Why pricing is so low is the “trillion dollar question”, he tells me. “Competitive (bidding) in India often results in irrational exuberance.”

Then, he points to the fact that power producers for solar power in China are being paid a good bit more. Given that China is the world’s most competitive exporter of solar panels - one can even buy them off Alibaba.com - it seems implausible that producers in India could guarantee a lower tariff.

“Exactly where is this competitive advantage coming from,” he asks rhetorically. “Our ease, or rather unease, of doing business is higher. Our construction periods are longer. How come tariffs are less?”

Mishra says that it will be a year or so before we find out if these bids are commercially viable because banks will either finance them or balk at doing so. “One must have the humility to figure this out. It would be stupid to say, ‘We are the only wise guys in the room’.”

A few years ago, CLP chose not to bid for the tautologically named ultra mega power projects in India, deciding wisely that they were too risky.

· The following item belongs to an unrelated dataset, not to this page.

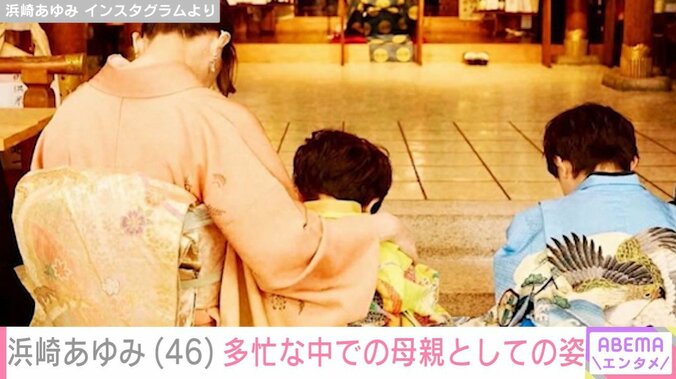 浜崎あゆみ、着物姿の親子ショット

Of the 164,000 Mw plants planned, only four were awarded and just two are operational.

Mishra is philosophically solidly behind the push to renewables and lowering emission levels from coal and gas plants. But, he worries that in India, the “concern for lower tariffs crowds out everything else”.

I say that when I lived in Beijing, pollution levels were always being discussed on social media, but until very recently, this seemed much less of an issue among the population in India than it was in autocratic China.

“You have just defined why I don’t make five-year forecasts in India,” he jokes in response before turning serious. “I am also an Indian and a father and I often wonder why… The popular narrative is ‘how much are the power generators fleecing consumers’.”

In Jhajjar, he says, 75 per cent of the tariff paid to CLP India is in effect a payment to Coal India and the Indian Railways.

I had heard from a friend in Hong Kong that Mishra often arrives in the city with detailed shopping lists for his children.

I ask him about this and he immediately shows me a photograph of his son and daughter who are 17 and 13.

Half of his daughter’s requests are various kinds of health foods because she is a vegan. One request was for “nutritional yeast which is stuck in customs in Mumbai” even after he had responded to a five-page questionnaire.

At this point, I am not only hungry, but concerned that the food order has been similarly lost in transit between the business centre and the hotel’s restaurants. But, minutes after I ask about this apologetically, pizzas and buffalo mozzarella with tomato arrives.

There is also rigatoni with meat and a zingy arrabiata. We discuss Mishra’s passion for running marathons.

In 2014, he did a full marathon in Slovenia. “Over the years, we have come to love old Europe, especially Eastern Europe because it is unexplored. We always drive.”

Back in Mumbai, the family has particular views on how to spend weekends in and out of the city. Mishra does not check emails on the weekend. Moreover, “when all four of us go out, no one is allowed to carry a phone. Time-out means time-out”. This seems a model approach to a work-life balance.

The conversation returns to the brave new world for renewables. In India, the push to produce clean energy may collide head-on with the need for state electricity boards to become financially viable and a resulting reluctance on their part to buy electricity because they lose money selling it at subsidised rates.

If you are losing 60 to 70 paise for every unit of power, “the rational response is not to sell”, he says.

CLP has a large wind plant in Tamil Nadu, where wind power benefits from two monsoons, but often just when the company’s wind unit is producing the most, it is unable to sell on to the grid. Other states claim “grid emergencies” and decline to buy, he reports.

Some states have renewable purchase obligations, but “not a single state has been penalised”. “Do you have the right signals in the regulatory structure,” Mishra asks.

That has been the perennial question in the electricity sector for two decades now. Waiting for the answer may make the youthful Mishra (and others in the power sector) turn grey.

Time’s up and before I am out the door, Mishra is working on his emails again.

CLP’s marathon man appears to have the stamina to navigate this arduous journey.